Restate the following entries exactly. Keep the pictures out.

Top of STUDY MATERIAL

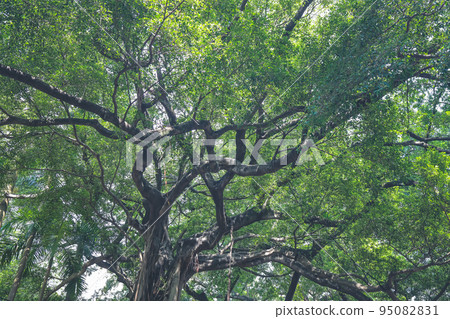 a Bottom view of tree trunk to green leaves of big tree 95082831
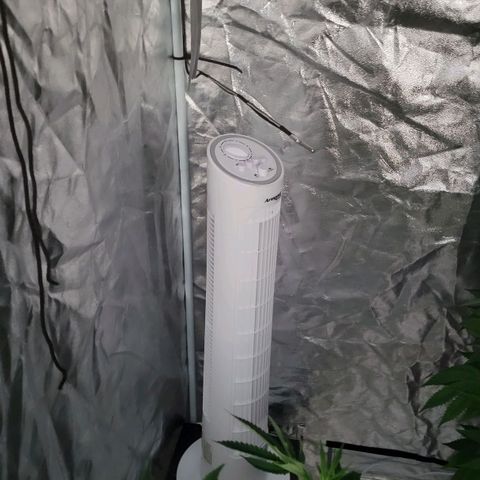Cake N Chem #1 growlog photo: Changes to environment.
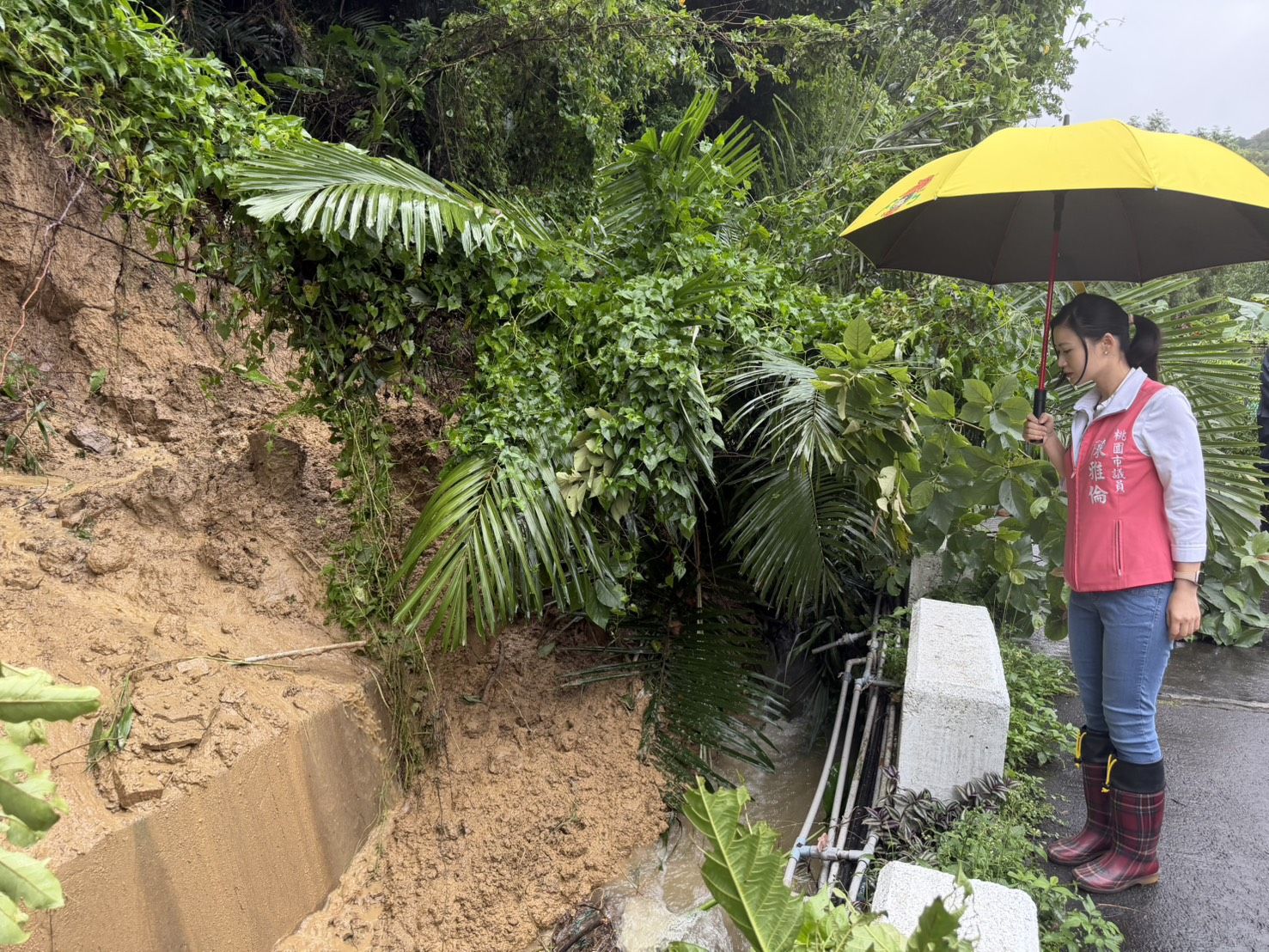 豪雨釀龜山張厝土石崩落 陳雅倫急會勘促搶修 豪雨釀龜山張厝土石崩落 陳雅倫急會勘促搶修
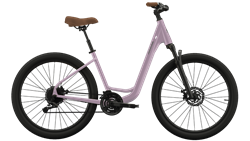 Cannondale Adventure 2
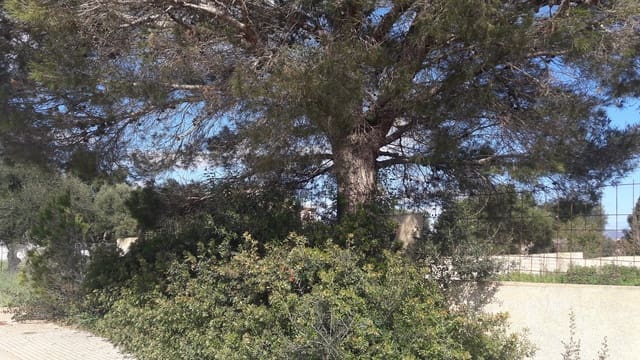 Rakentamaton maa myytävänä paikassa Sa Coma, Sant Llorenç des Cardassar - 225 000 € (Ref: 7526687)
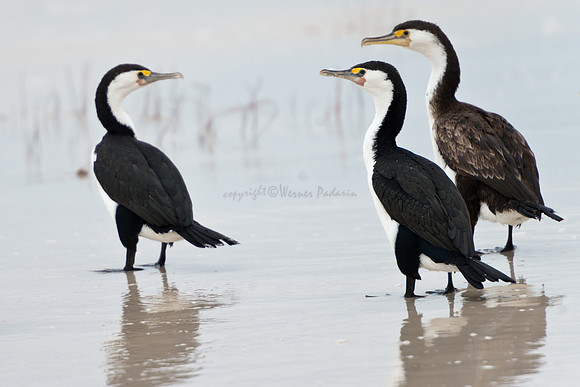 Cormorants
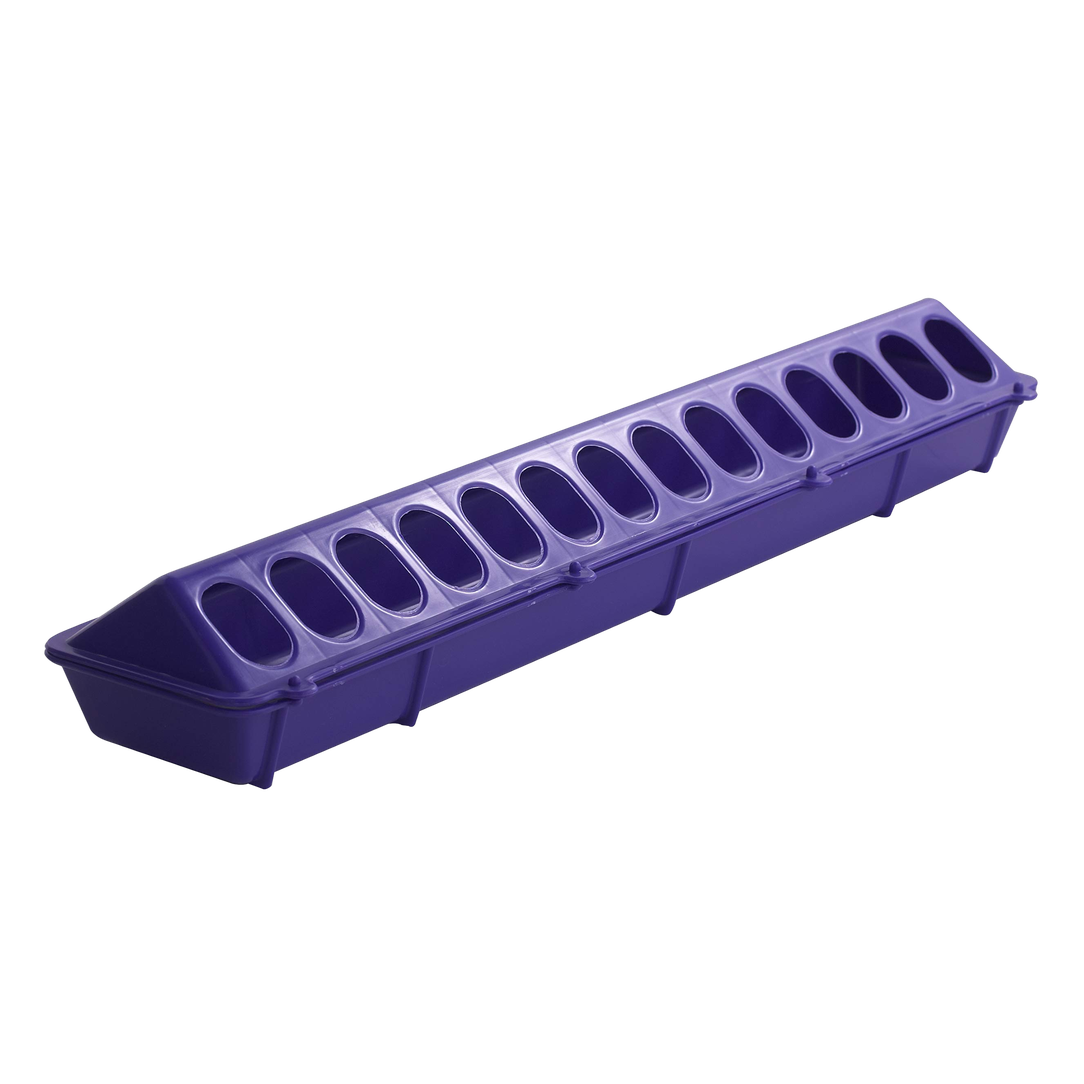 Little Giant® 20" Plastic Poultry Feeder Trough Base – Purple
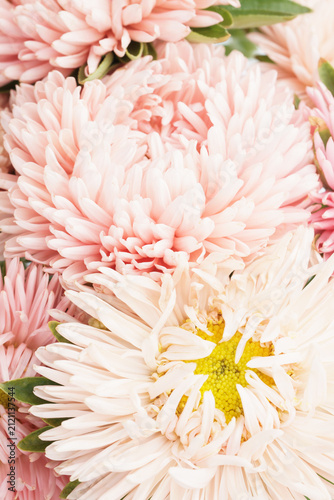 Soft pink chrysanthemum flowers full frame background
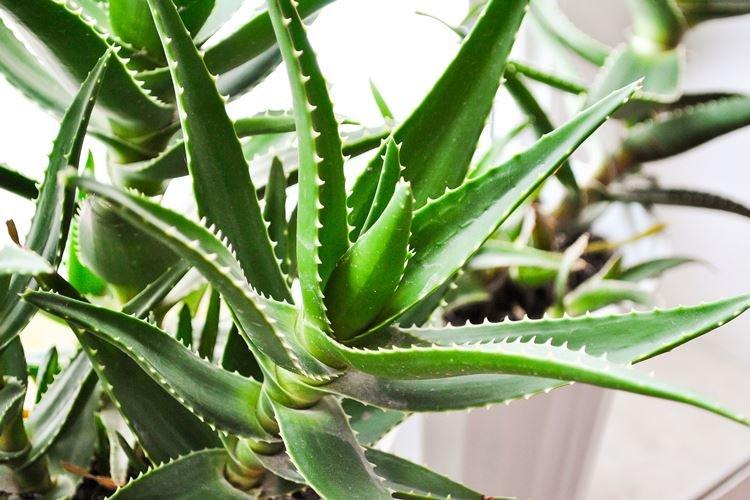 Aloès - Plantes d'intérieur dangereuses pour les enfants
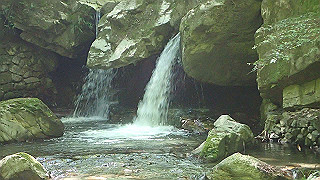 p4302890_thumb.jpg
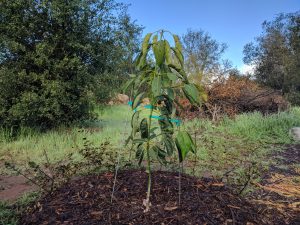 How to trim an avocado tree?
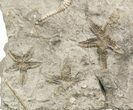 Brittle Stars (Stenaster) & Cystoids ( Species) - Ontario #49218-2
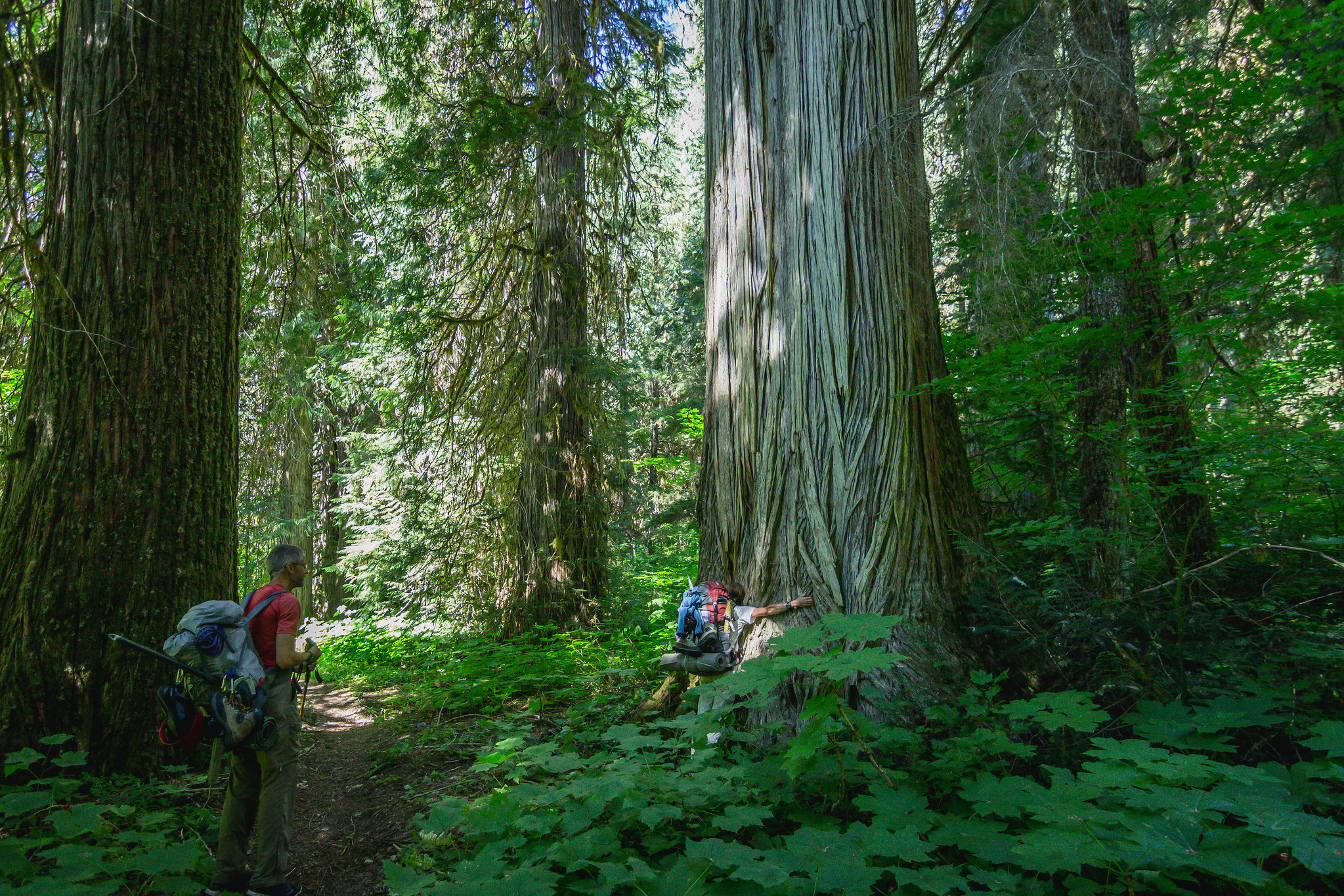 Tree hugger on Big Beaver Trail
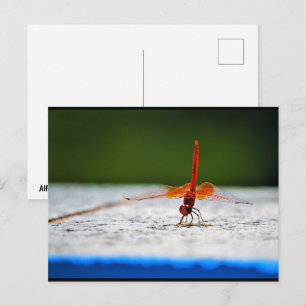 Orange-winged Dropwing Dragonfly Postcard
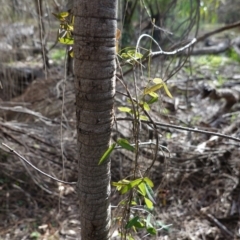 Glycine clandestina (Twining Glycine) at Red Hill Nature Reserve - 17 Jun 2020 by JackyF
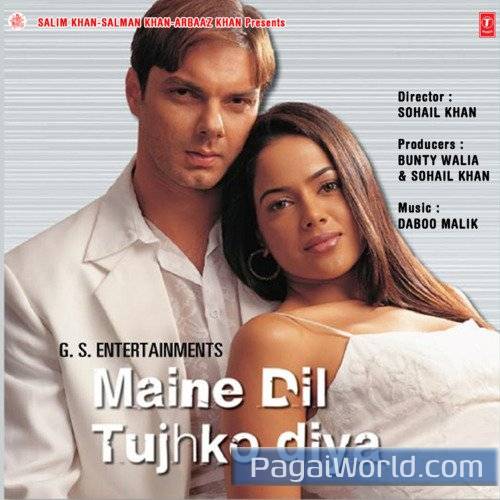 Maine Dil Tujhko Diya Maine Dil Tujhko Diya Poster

Bottom of STUDY MATERIAL

* REPLY TO THE TASK *
 a Bottom view of tree trunk to green leaves of big tree 95082831
Cake N Chem #1 growlog photo: Changes to environment.
 豪雨釀龜山張厝土石崩落 陳雅倫急會勘促搶修 豪雨釀龜山張厝土石崩落 陳雅倫急會勘促搶修
 Cannondale Adventure 2
 Rakentamaton maa myytävänä paikassa Sa Coma, Sant Llorenç des Cardassar - 225 000 € (Ref: 7526687)
 Cormorants
 Little Giant® 20" Plastic Poultry Feeder Trough Base – Purple
 Soft pink chrysanthemum flowers full frame background
 Aloès - Plantes d'intérieur dangereuses pour les enfants
 p4302890_thumb.jpg
 How to trim an avocado tree?
 Brittle Stars (Stenaster) & Cystoids ( Species) - Ontario #49218-2
 Tree hugger on Big Beaver Trail
 Orange-winged Dropwing Dragonfly Postcard
 Glycine clandestina (Twining Glycine) at Red Hill Nature Reserve - 17 Jun 2020 by JackyF
 Maine Dil Tujhko Diya Maine Dil Tujhko Diya Poster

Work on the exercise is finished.